→ **Brief**: Once the line holding "Monitores vitales" appears, repeat it and each line after it to the end of the data, exactly and with nothing else; pictures stay out.

----------------

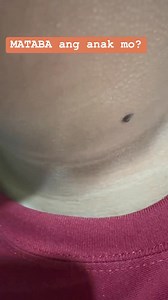 Nangingitim ba ang leeg at kili kili ng anak mo?Hindi po libag yan, ang tawag diyan ay ACANTHOSIS NIGRICANS- isang senyales ng insulin resistance na nakikita sa mga matatabang bata na sa kalaunan ay nagkakaroon ng diabetes! 😍 #docirma #diabetes #type2diabetes #obese #overweight | Irma Antonio-Pilar MD/ Diabetes and Thyroid Specialist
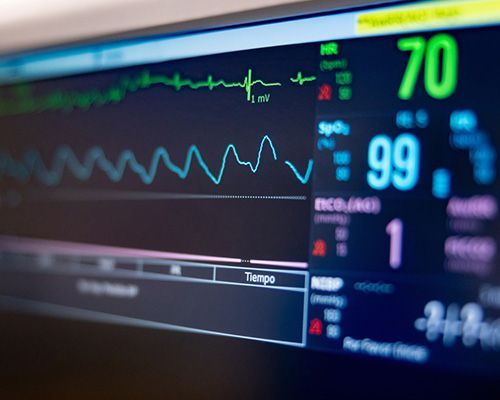 Monitores vitales
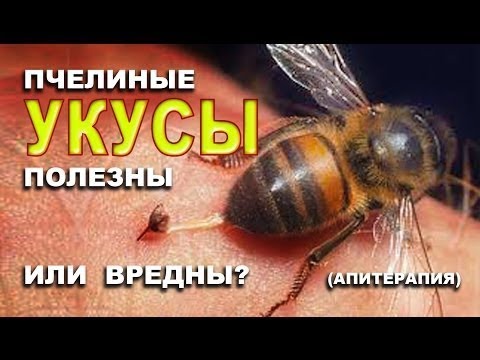 Болит шея при поворотах головы Способы лечения болезней суставов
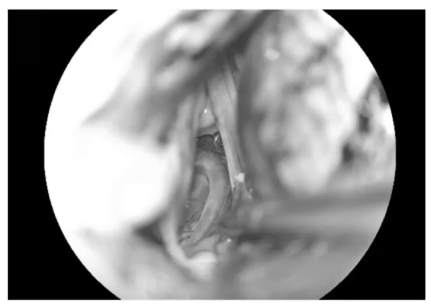 逐步暴露椎動(dòng)脈、PICA及延髓側(cè)方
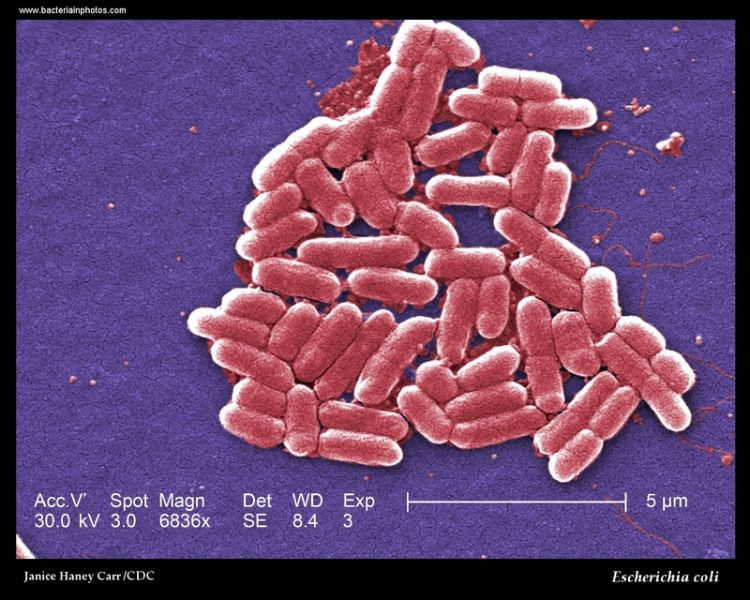 “The Big 6” foodborne pathogens E. coli MSU Extension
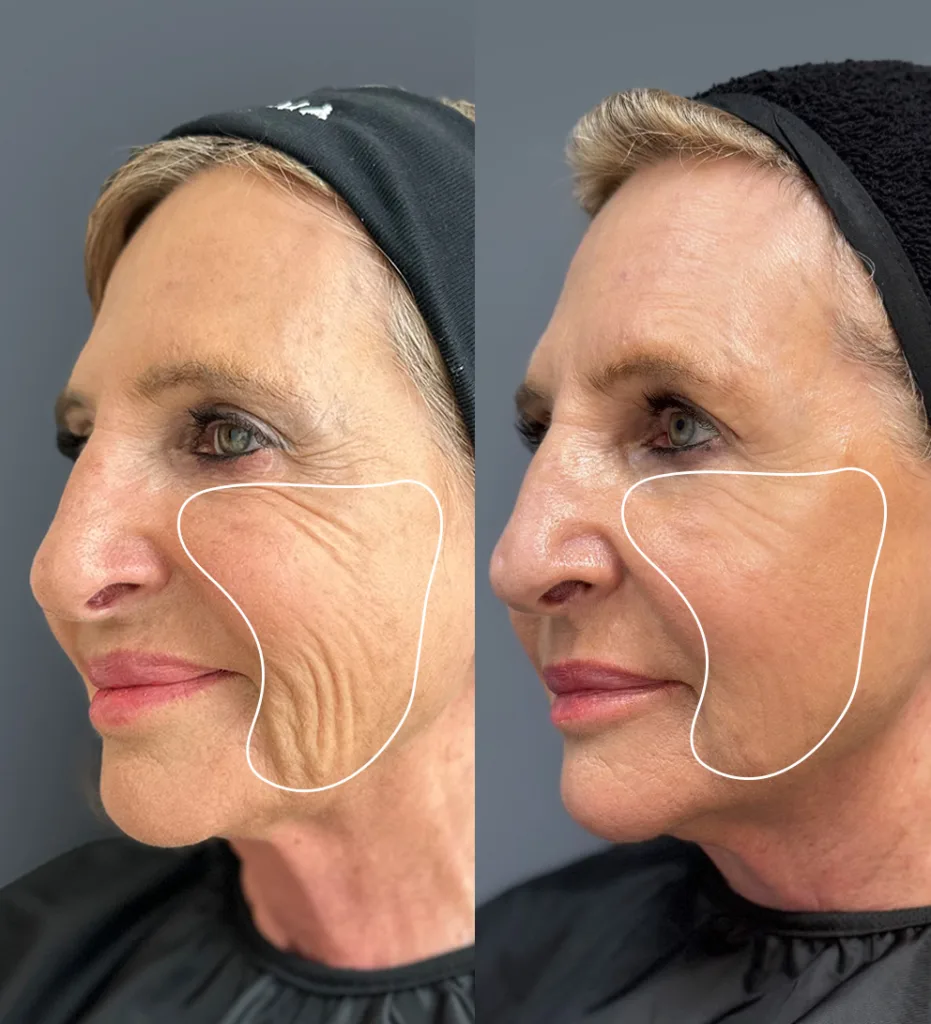 Portada AD Sculptra mujer 1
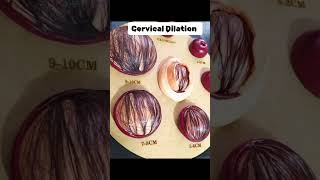 Cervical Dilation cervix cervical pregnant midwife [upl. by Desdamona913]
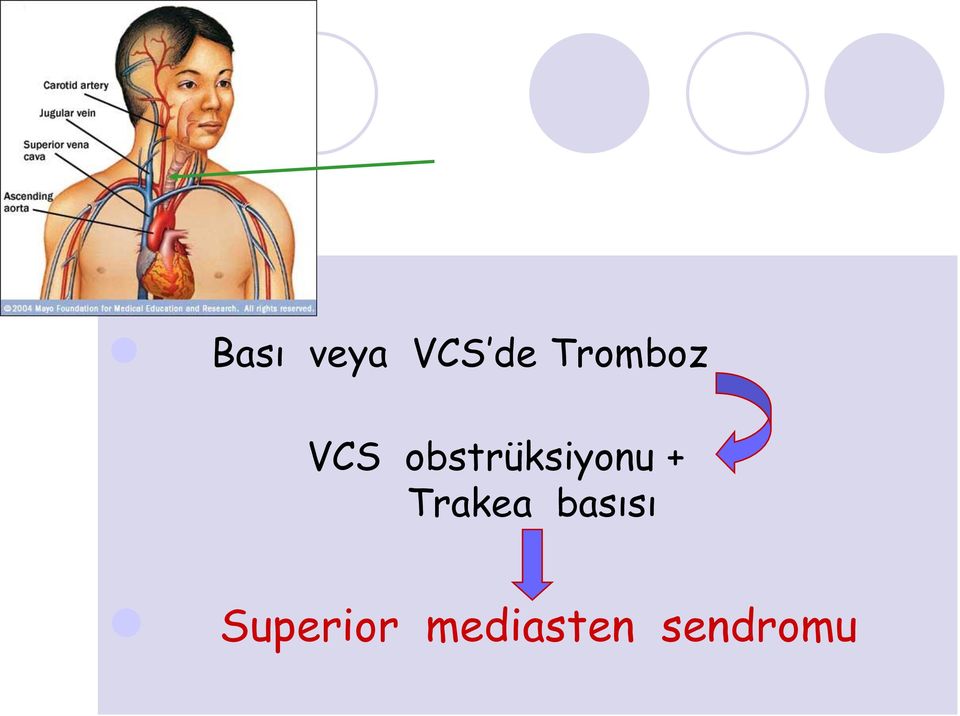 obstrüksiyonu +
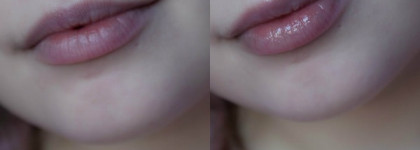 Almea Xlips EGF и Xlips Plumper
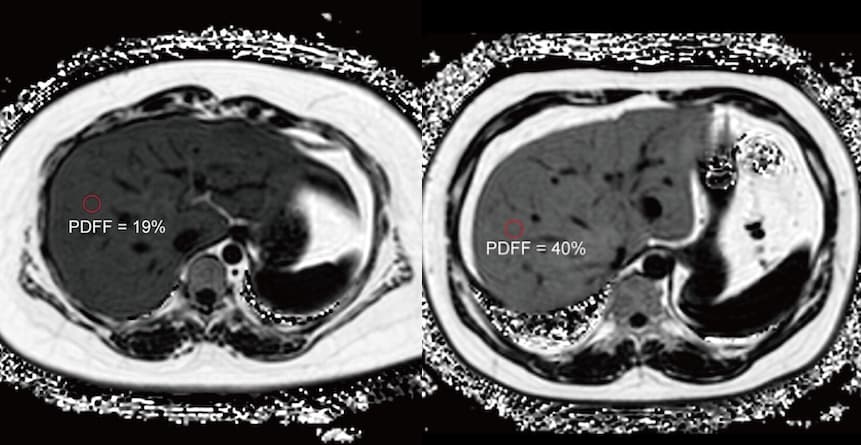 Prévoir le risque de diabète grâce à la fraction de densité de protons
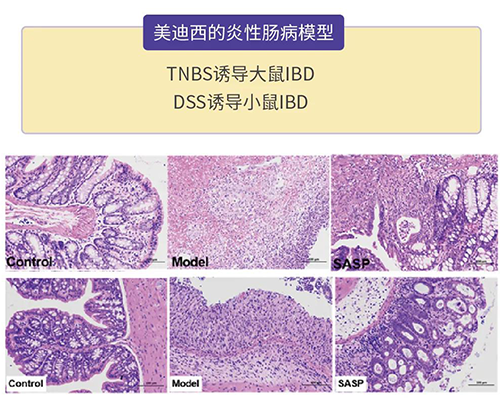 s36沙龙会的炎症性肠病模型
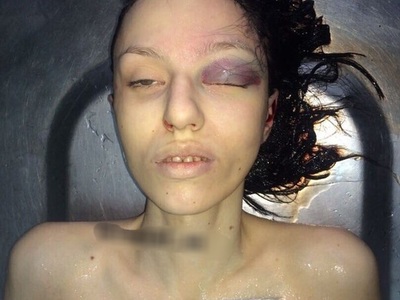 Depressed woman commit suicide by jumping 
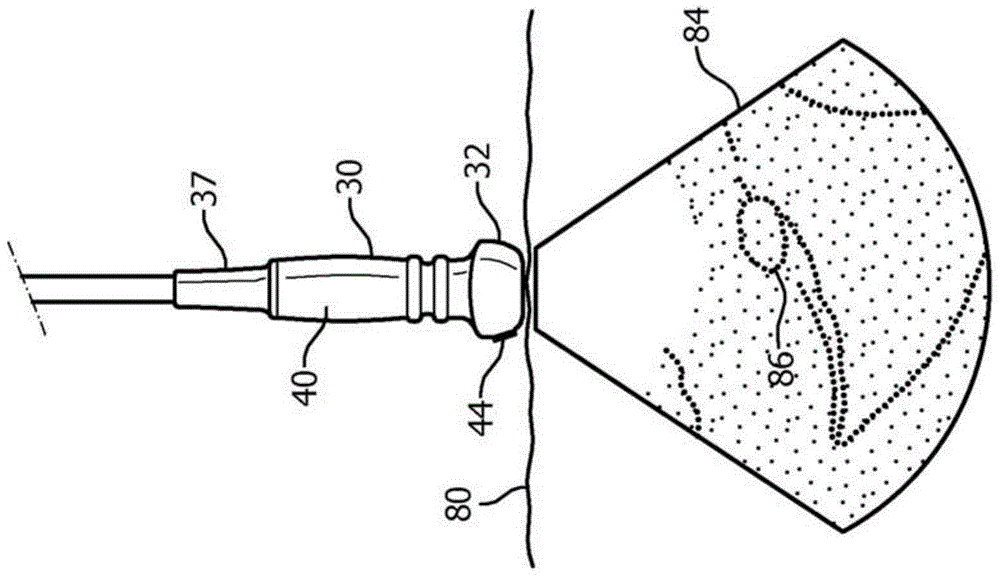 Ultrasound guidance of needle path during biopsy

----------------

→ **Solution to the exercise**:
 Monitores vitales
 Болит шея при поворотах головы Способы лечения болезней суставов
 逐步暴露椎動(dòng)脈、PICA及延髓側(cè)方
 “The Big 6” foodborne pathogens E. coli MSU Extension
 Portada AD Sculptra mujer 1
 Cervical Dilation cervix cervical pregnant midwife [upl. by Desdamona913]
 obstrüksiyonu +
 Almea Xlips EGF и Xlips Plumper
 Prévoir le risque de diabète grâce à la fraction de densité de protons
 s36沙龙会的炎症性肠病模型
 Depressed woman commit suicide by jumping 
 Ultrasound guidance of needle path during biopsy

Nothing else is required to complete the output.